Dalam proses pemakaman Dewandaru, Rosy bersama dengan Rama, Paman Dimas, Paman Basuki yang menemani Anggara, melihat Dewandaru untuk terakhir kalinya sebelum disemayamkan. Dalam tidur abadinya, Rosy melihat wajah Dewandaru yang tampan dengan senyuman di bibirnya. Senyuman itu seolah mengatakan bahwa Dewandaru telah menemukan kebahagiaan kecilnya sebelum pergi dari dunia ini.
Paman tahu?? Wajah Paman sekarang menunjukkan pesona Paman yang mungkin ada saat Paman masih muda. Dibanding saat kita pertama kali bertemu, wajah Paman saat ini benar-benar terlihat tampan lengkap dengan pesona yang mirip dengan Kak Anggara.
Tubuh kaku Dewandaru perlahan mulai masuk ke liang lahat dan tanah mulai menutup sedikit bagian tubuh Dewandaru. Di samping Rosy, empat pria terdekat Dewandaru hanya bisa menangis dalam diam melihat pertemuan terakhir mereka. Tanpa harus menangis dengan berteriak, tangisan diam itu terasa lebih menyakitkan bagi Rosy.
“Paman?”
“Ya?”
“Bisa aku tanya."
“Ya. Apa yang ingin kamu tanyakan, Rosy?”
“Apa yang membuat Paman suka dengan Ibuku??”
“Bagaimana yah jelasinnya … Paman sedikit bingung.”

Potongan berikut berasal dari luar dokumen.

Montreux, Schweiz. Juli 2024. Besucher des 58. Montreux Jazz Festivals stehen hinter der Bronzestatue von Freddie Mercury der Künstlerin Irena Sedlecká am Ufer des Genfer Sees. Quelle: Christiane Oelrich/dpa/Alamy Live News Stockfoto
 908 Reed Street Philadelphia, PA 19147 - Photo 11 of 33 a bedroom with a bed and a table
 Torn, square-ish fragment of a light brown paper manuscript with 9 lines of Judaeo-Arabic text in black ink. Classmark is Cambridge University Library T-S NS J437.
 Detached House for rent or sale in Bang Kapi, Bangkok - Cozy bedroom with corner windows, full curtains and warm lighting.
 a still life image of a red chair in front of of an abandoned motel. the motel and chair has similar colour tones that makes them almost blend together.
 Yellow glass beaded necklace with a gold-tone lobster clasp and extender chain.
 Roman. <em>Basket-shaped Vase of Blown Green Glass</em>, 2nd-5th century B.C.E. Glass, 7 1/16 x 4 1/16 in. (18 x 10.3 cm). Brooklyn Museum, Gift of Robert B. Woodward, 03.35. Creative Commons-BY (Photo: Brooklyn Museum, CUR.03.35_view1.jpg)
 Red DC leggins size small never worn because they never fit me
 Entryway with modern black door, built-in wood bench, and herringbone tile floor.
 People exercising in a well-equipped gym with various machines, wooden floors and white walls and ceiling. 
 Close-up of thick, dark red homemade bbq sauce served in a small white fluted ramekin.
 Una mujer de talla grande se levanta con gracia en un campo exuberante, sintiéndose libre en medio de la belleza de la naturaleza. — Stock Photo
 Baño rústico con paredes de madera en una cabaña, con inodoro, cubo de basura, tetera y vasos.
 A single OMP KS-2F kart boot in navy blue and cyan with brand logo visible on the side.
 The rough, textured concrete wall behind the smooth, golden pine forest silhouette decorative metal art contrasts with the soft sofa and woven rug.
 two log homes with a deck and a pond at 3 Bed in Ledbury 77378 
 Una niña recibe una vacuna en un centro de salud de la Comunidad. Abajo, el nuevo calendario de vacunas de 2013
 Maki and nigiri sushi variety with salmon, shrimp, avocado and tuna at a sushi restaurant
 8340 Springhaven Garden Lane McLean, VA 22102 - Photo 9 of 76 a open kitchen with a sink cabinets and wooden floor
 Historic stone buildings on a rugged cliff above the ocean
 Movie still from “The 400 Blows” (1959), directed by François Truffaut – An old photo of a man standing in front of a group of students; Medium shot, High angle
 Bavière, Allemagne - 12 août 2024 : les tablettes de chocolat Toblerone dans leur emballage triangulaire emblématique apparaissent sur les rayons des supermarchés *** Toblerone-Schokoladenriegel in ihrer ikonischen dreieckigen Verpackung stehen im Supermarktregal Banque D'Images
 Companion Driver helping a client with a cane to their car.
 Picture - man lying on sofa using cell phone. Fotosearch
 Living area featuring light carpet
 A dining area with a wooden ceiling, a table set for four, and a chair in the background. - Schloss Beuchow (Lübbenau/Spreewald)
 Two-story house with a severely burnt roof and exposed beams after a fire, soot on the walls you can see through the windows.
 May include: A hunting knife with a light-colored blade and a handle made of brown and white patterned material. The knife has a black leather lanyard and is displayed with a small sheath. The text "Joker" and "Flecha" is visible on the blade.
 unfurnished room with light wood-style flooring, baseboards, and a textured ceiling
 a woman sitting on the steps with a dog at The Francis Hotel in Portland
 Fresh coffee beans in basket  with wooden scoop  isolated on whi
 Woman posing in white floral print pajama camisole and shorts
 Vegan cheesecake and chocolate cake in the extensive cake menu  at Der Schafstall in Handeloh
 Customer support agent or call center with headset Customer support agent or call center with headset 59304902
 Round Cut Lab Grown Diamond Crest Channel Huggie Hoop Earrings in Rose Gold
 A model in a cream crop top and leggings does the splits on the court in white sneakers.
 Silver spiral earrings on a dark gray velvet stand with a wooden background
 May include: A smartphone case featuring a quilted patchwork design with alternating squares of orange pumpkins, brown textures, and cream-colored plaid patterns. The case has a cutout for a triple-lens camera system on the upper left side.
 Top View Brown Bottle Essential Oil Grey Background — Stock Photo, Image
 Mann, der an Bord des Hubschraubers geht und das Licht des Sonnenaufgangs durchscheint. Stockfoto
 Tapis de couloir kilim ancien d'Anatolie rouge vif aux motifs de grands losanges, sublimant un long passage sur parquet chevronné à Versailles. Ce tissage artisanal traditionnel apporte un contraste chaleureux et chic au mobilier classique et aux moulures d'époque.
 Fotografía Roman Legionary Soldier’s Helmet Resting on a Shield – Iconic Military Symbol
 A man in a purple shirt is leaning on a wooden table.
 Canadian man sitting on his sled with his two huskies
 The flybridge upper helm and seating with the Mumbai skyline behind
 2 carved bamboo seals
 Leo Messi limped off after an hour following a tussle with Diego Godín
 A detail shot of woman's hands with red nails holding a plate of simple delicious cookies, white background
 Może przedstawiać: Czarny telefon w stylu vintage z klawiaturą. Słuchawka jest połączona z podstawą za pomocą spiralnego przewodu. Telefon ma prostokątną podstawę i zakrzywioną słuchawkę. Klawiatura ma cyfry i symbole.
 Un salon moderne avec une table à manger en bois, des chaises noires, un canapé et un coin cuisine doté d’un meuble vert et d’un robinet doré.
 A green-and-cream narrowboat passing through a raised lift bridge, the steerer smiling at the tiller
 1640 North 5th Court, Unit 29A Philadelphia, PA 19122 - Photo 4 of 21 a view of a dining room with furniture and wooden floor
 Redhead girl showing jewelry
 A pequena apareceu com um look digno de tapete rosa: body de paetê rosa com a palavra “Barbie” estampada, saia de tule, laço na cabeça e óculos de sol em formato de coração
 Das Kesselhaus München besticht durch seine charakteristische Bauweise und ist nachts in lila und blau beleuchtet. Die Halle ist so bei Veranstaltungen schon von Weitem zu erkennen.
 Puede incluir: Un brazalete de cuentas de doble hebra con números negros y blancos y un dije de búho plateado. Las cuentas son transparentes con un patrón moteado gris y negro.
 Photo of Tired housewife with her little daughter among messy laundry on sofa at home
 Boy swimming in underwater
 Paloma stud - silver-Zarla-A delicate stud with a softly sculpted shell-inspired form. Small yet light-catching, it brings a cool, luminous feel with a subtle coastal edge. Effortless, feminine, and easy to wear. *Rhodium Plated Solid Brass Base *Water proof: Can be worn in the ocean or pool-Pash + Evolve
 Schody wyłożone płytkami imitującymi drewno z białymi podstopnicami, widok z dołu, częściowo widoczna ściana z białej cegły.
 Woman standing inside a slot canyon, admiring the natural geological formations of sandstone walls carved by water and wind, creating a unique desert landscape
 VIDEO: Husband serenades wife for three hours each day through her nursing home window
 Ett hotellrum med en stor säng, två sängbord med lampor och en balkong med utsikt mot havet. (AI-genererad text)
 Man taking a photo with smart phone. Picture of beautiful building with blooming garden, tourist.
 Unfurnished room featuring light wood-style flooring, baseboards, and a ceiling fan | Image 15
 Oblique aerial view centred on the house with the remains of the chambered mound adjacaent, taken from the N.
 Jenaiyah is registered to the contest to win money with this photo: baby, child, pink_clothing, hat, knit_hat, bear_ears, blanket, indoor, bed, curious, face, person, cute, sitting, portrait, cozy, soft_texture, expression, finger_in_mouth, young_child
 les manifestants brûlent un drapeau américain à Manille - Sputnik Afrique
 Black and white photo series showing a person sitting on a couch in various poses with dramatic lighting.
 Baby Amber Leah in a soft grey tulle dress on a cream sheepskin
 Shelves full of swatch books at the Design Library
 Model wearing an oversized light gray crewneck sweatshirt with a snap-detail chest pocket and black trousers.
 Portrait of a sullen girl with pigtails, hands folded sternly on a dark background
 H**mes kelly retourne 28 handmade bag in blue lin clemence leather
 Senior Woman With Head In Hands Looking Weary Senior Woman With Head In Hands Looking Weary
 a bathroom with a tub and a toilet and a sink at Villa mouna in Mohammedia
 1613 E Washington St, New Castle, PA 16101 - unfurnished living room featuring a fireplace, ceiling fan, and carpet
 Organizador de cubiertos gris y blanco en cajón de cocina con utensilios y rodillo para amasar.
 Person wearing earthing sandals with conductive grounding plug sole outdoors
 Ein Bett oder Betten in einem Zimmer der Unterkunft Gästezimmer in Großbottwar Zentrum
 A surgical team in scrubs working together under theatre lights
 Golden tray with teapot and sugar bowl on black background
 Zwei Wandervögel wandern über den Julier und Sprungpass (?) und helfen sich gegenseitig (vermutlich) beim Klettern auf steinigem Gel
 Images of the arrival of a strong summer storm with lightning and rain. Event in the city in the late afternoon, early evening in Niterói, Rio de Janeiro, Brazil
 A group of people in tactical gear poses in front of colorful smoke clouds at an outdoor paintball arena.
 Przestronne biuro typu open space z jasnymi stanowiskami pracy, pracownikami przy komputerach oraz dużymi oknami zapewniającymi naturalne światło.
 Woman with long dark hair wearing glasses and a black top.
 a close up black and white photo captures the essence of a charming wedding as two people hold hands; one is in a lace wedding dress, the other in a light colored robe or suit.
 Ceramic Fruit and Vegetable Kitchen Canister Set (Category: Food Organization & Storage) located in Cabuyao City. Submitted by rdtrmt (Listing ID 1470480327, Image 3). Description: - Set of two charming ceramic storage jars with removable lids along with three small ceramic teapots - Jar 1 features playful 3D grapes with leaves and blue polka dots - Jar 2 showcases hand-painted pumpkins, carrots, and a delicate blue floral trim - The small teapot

"Rosy pasti ngerti, Paman.”
“Hari itu, Ibumu benar-benar cuek sekali, Rosy. Paman tidak tahu apa yang membuatnya kesal dan bibirnya cemberut ketika melihat Paman. Tapi, wajah cemberut itu dalam sekejap berubah ketika hujan pesawat kertas itu Paman terbangkan. Ibumu tersenyum memandang ke arah Paman dan dalam sekejap hati Paman mengatakan pada Paman bahwa dialah wanita yang Paman tunggu.”
Rosy mengingat kembali waktu-waktu singkatnya saat bersama dengan Dewandaru. Waktu singkat itu sekarang lebih mirip mimpi bagi Rosy.
“Makasih, Rosy. Makasih sudah menemukan Paman dan membuat hidup Paman sedikit berwarna. Paman sangat beryukur bisa bertemu dengan Rosy. Meski terlambat, Paman tidak pernah mengira bisa menepati janji Paman pada Anjani dan bertemu lagi dengan teman-teman lama Paman. Semua ini berkat Rosy.”
“Makasih juga, Paman. Berkat Paman, Rosy juga bisa lihat Ayah sebahagia ini. Jujur ini pertama kalinya, Rosy melihat Ayah bahagia seperti ini selain bersama dengan Ibu.
Saat tubuh Dewandaru sudah benar-benar tertutup oleh tanah, hujan tiba-tiba turun. Hujan yang turun itu tidak deras seolah ingin mengatakan pada semua orang yang hadir dalam pemakaman Dewandaru bahwa bumi dan langit pun ikut merasa sedih dengan kepergian Dewandaru sama seperti empat pria terdekat Dewandaru yang membiarkan air matanya jatuh dalam diam.
Selamat jalan, Paman Dewandaru. Semoga Paman sudah tidak lagi memiliki penyesalan yang tertinggal. Semoga di sana, Paman bisa menemukan kedamaian dan kebahagiaan yang tidak Paman dapatkan di sini.
Rosy mengucapkan salam terakhirnya pada Dewandaru-cinta pertama Anjani-ibunya.